Ici donc, disais-je, pas de lutte frontale. On occupe le temps, on bavarde, on discute, entre gens civilisés. La guerre semble n'être qu'un jeu, qui se passe au loin. Serait-elle un mirage, une illusion ? On se le demande à voir tous ces gens rassemblés et vivre paisiblement ! Le général allemand fait mille courbettes, sincères, à son homologue français, qui lui rend la pareille (les plus belles scènes du film) ; les prisonniers sont bien traités. On dirait que tout ce petit monde n'attend qu'une chose : que quelqu'un dise que la partie est terminée, que chacun puisse rentrer tranquillement chez soi et qu'on n'en parle plus. Mais il y a l'honneur, la patrie. A cette époque, ce n'était pas de vains mots. Ca vous titille, le sens du devoir. Alors pour l'honneur, on tente de s'échapper, ou bien on provoque les balles ennemies pour mourir en héros. Sous la courtoisie se cache un peu de vanité. Egale des deux côtés de la frontière.

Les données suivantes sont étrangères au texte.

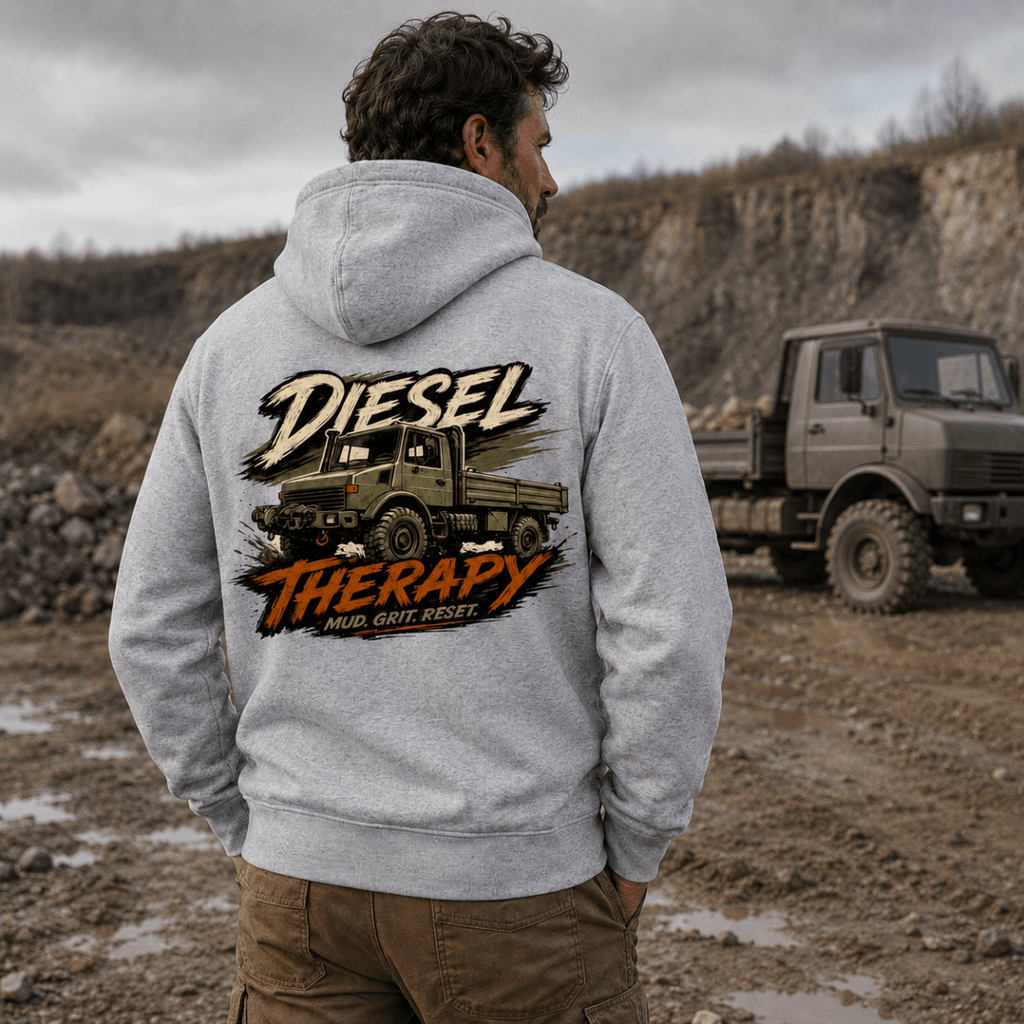 Person wearing a hoodie with a truck graphic and 'Diesel Therapy' text in an outdoor setting.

Au grand jour, c'est la lutte des classes qui prédomine. On ne mélange pas les torchons et les serviettes. L'officier français, d'origine noble ou bourgeoise, est très condescendant avec ses subalternes, des gars de la France profonde, pas très cultivés, ni très raffinés ; pire, il y a ce juif, qu'on fait semblant d'apprécier - la France n'est pas raciste - mais dont on regrette bien que la famille ait racheté tous ces châteaux "français". Et l'on préfère discuter entre soi, commandants français et commandants allemands, soldats français et soldats britanniques ou russes. La frontière est sociale, pas nationale...

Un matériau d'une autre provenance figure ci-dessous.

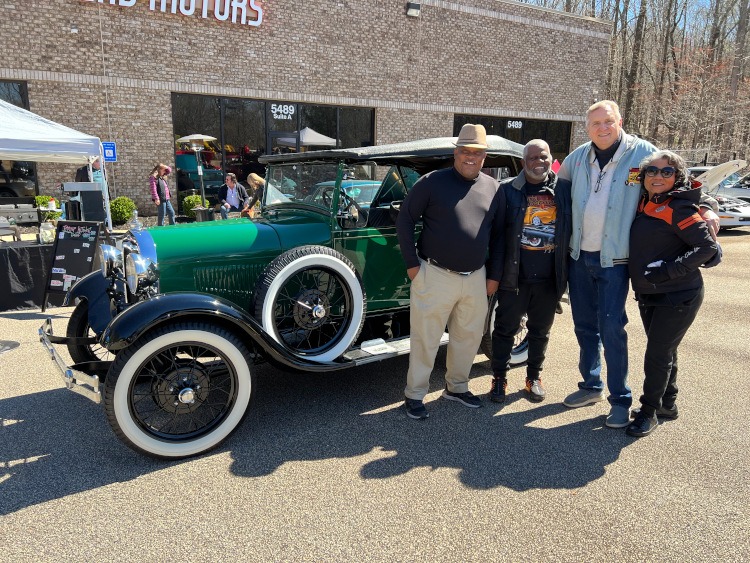 People standing beside a green Model A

Pour finir, le gentil plouc français s'éprend de la petite fermière allemande... tandis que le juif préfère partir vaquer à ses occupations. Le Français de souche, grand séducteur ; le juif, business man. Les clichés sont éternels.
Au final, énormément de symbolique dans ce film pacifiste, et visionnaire. Réalisé en 1936... on y parle, sous l'apparence de bavardages anodins, d'une Europe en paix pour toujours, pour nos braves gars de la campagne ou des faubourgs, naïfs et rêveurs ; ou bien d'une future guerre et d'une lutte lutte sans merci entre tenants d'un certain ordre, d'une certaine morale, raciste, sectaire, pour ceux qui détiennent le pouvoir. Dans le film, ils semblent craindre que les masses populaires ne prennent leur revanche (c'est l'époque de la révolution bolchévique en Russie...). Même pas mal ! Le pouvoir, ils l'ont gardé, et ce n'est pas une question de nation, tandis que partout dans le monde les petits sont plus que jamais à leur merci.
Toute la société d'aujourd'hui est là, en embryon, dans ce film. Une sorte de cri d'alarme, qui ne fut pas entendu... Extraordinaire.
La grande illusion, le titre du film, c'est de croire que chaque guerre est la dernière ; que la lutte des classes a disparu ; qu'une guerre puisse apporter des solutions à des problèmes, quels qu'ils soient.
Et j'ai eu un gros coup de coeur pour Jean Gabin, que je n'avais vu pour l'instant que dans ses films les plus récents, donc vieux ! A trente ans... il était vachement sexy !
Un très très beau film à regarder (et re-regarder) avec grande attention. Chaque image, chaque phrase, tout est plein de sens.
Cet article a été programmé car je suis absente jusqu'au 28 juillet. Je répondrai à vos commentaire dès mon retour.